━━━━━ Available data
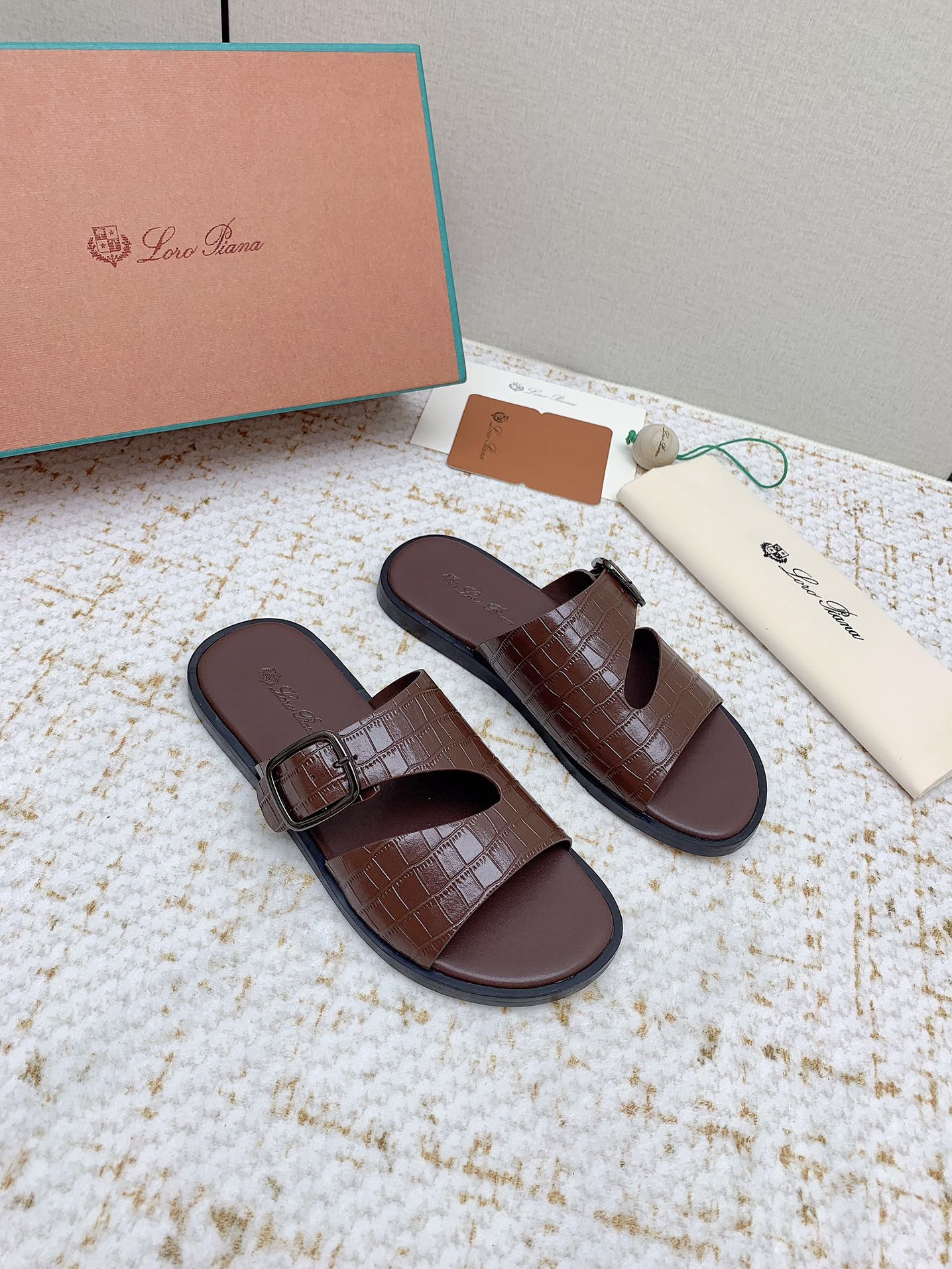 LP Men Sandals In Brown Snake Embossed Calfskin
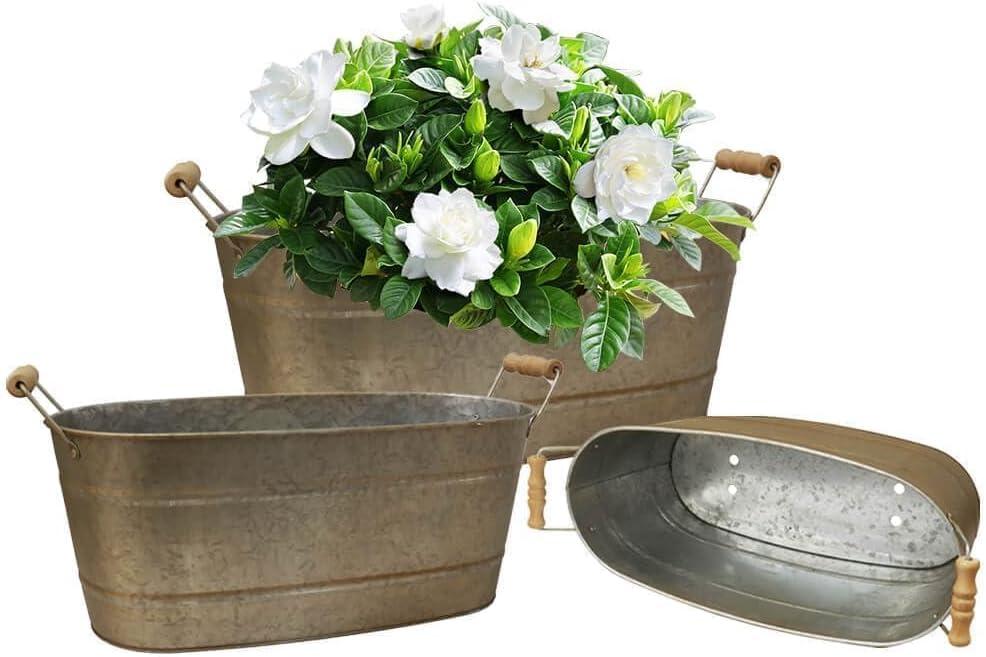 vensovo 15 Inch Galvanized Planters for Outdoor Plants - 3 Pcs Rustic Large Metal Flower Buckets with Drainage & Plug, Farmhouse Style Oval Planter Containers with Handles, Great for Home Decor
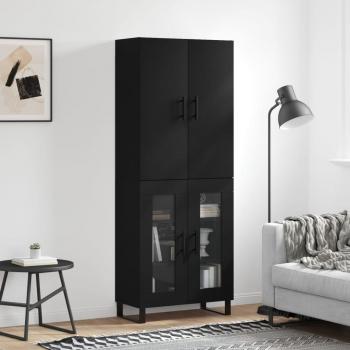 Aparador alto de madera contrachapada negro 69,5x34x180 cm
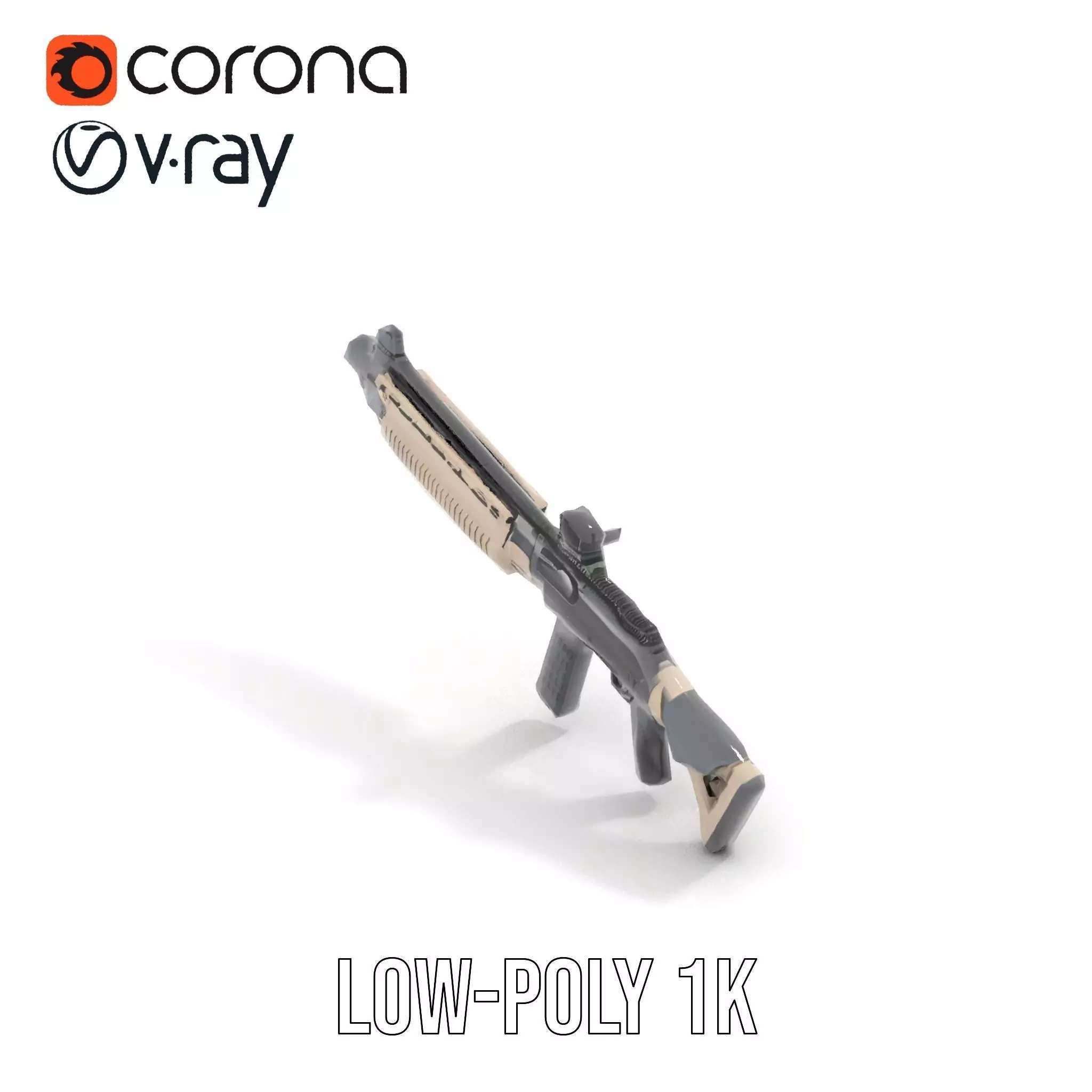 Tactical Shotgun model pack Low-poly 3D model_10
━━━━━━━━━━
» **Exercise directions**:
Please copy out each line above exactly as written, but not the pictures.

» **Result of this exercise**:
 LP Men Sandals In Brown Snake Embossed Calfskin
 vensovo 15 Inch Galvanized Planters for Outdoor Plants - 3 Pcs Rustic Large Metal Flower Buckets with Drainage & Plug, Farmhouse Style Oval Planter Containers with Handles, Great for Home Decor
 Aparador alto de madera contrachapada negro 69,5x34x180 cm
 Tactical Shotgun model pack Low-poly 3D model_10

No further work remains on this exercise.